• Problem to work on
In your copy of the entries below, keep every word exactly and leave out all images.

• Raw data
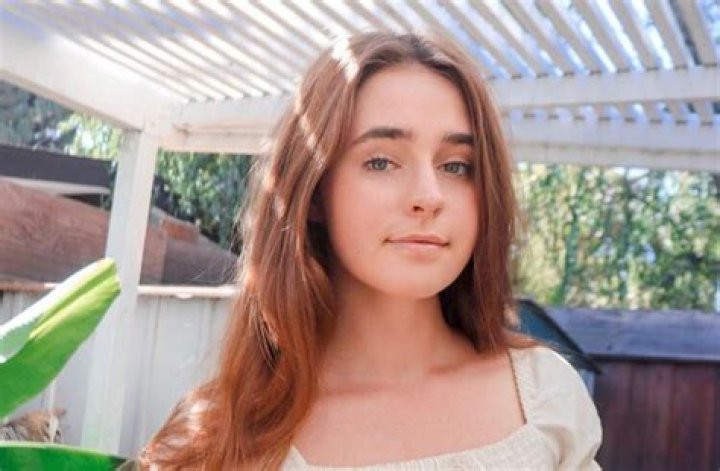 Bianca Buneo (YouTube Star) - Age, Birthday, Bio, Facts, Family, Net Worth, Height & More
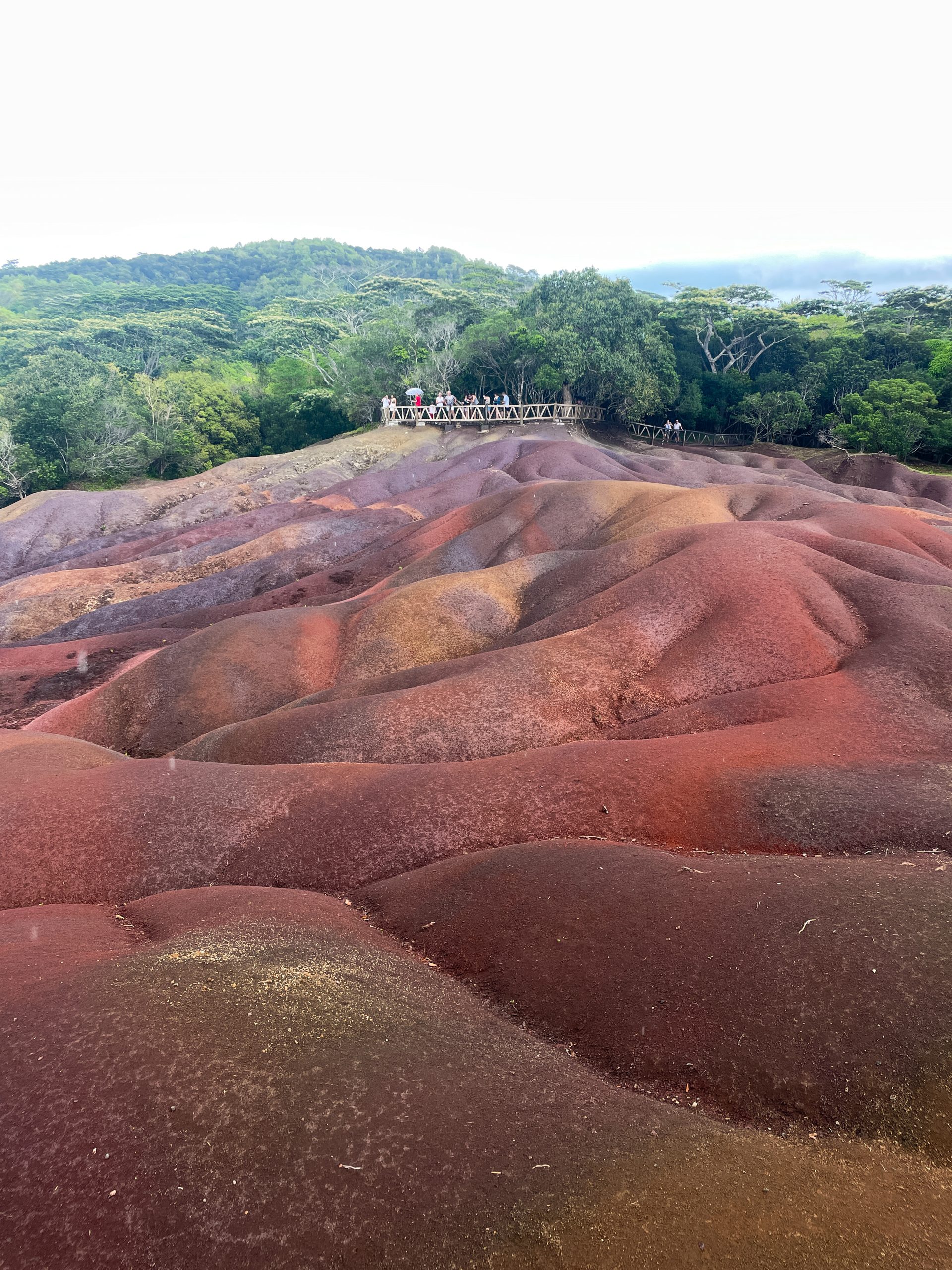 Dit heb je nog nooit gezien: de prachtig gekleurde zandduinen bij Chamarel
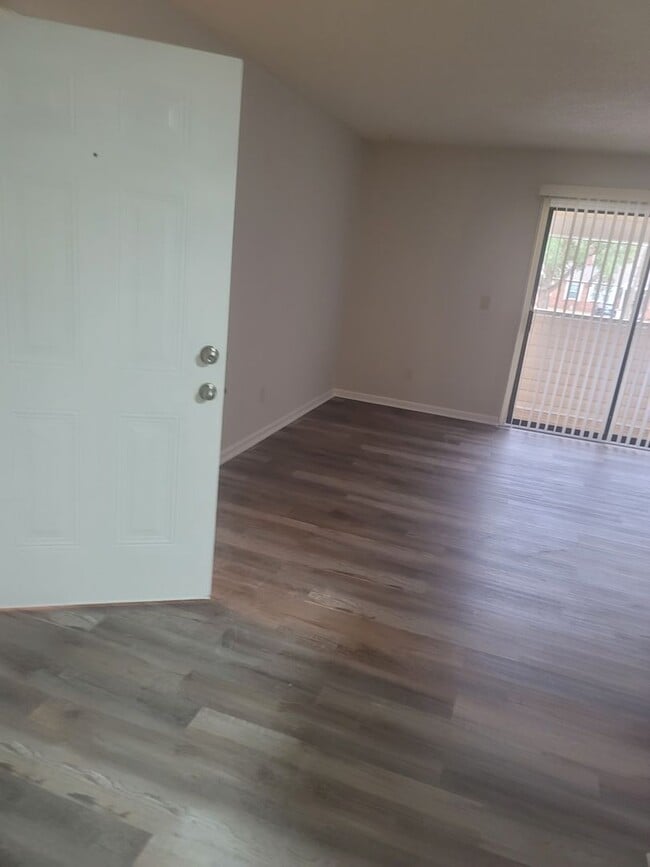 elmtree1401a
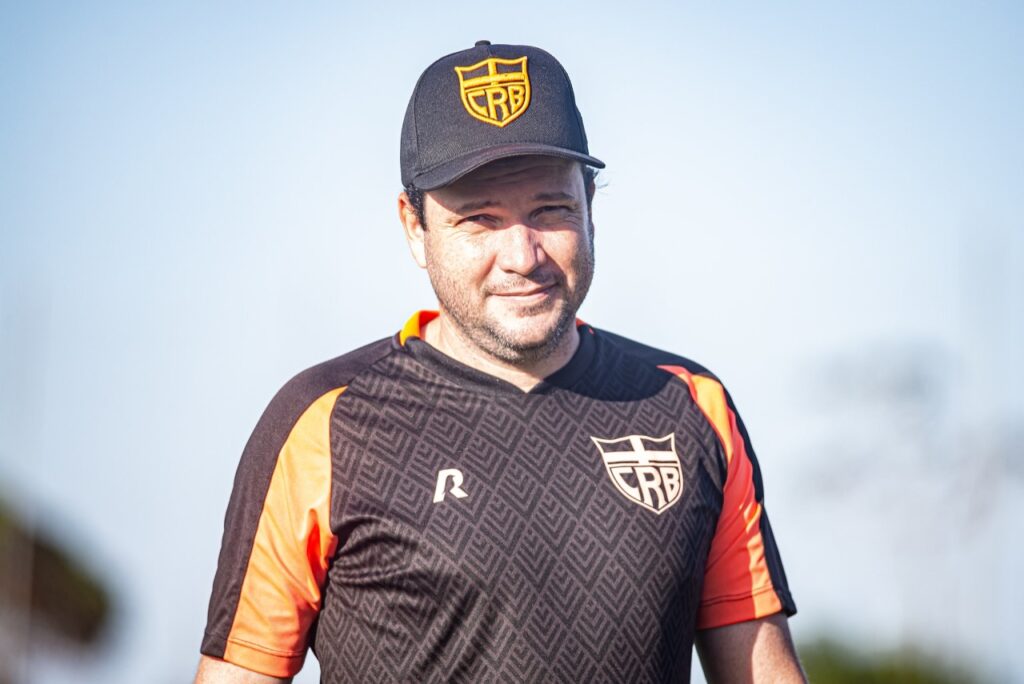 Daniel Paulista, técnico do CRB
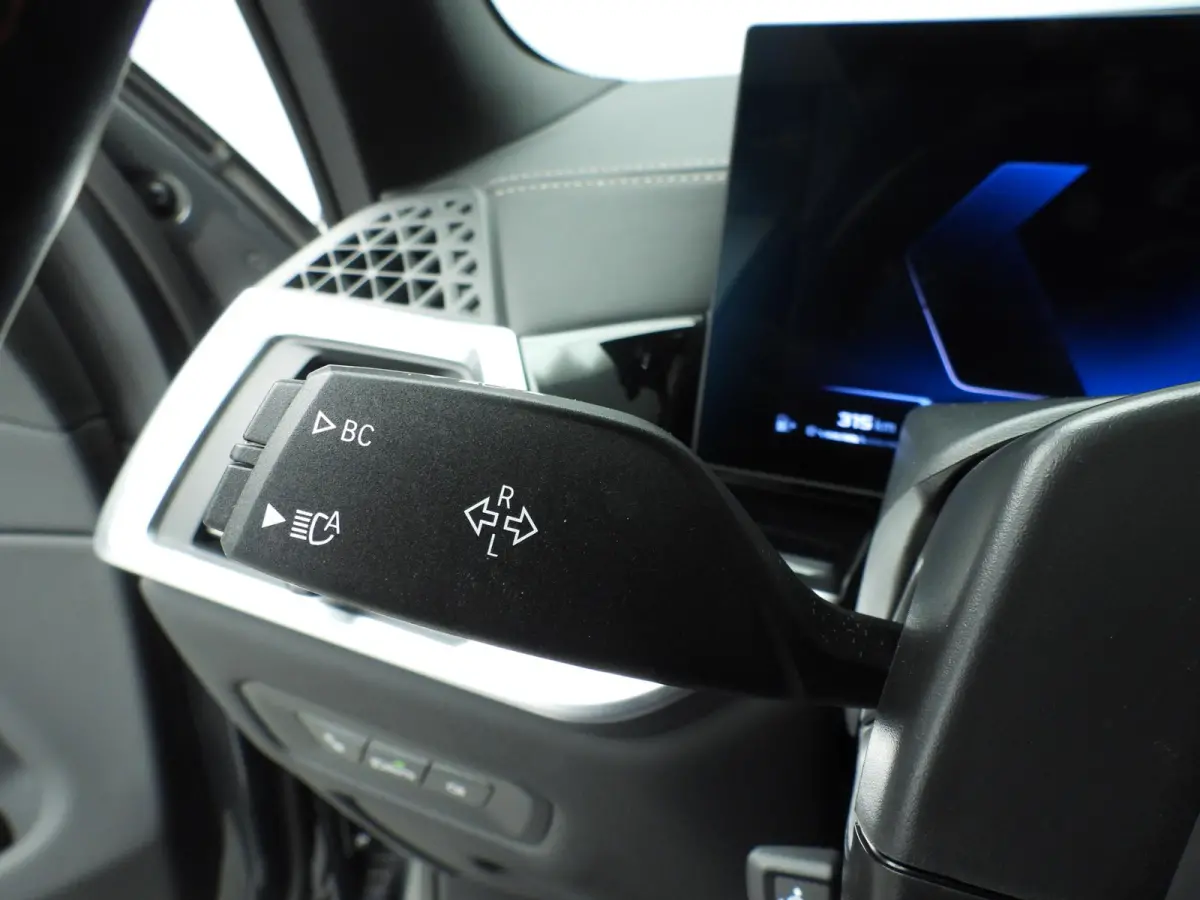 M60i xDrive | M-Sportpakket | LED | Leder | HUD | Panoramadak | Active steering | Comfortzetels | DAB | Bowers & Wilkins sound | Alu 22 inch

• Response to this exercise
 Bianca Buneo (YouTube Star) - Age, Birthday, Bio, Facts, Family, Net Worth, Height & More
 Dit heb je nog nooit gezien: de prachtig gekleurde zandduinen bij Chamarel
 elmtree1401a
 Daniel Paulista, técnico do CRB
 M60i xDrive | M-Sportpakket | LED | Leder | HUD | Panoramadak | Active steering | Comfortzetels | DAB | Bowers & Wilkins sound | Alu 22 inch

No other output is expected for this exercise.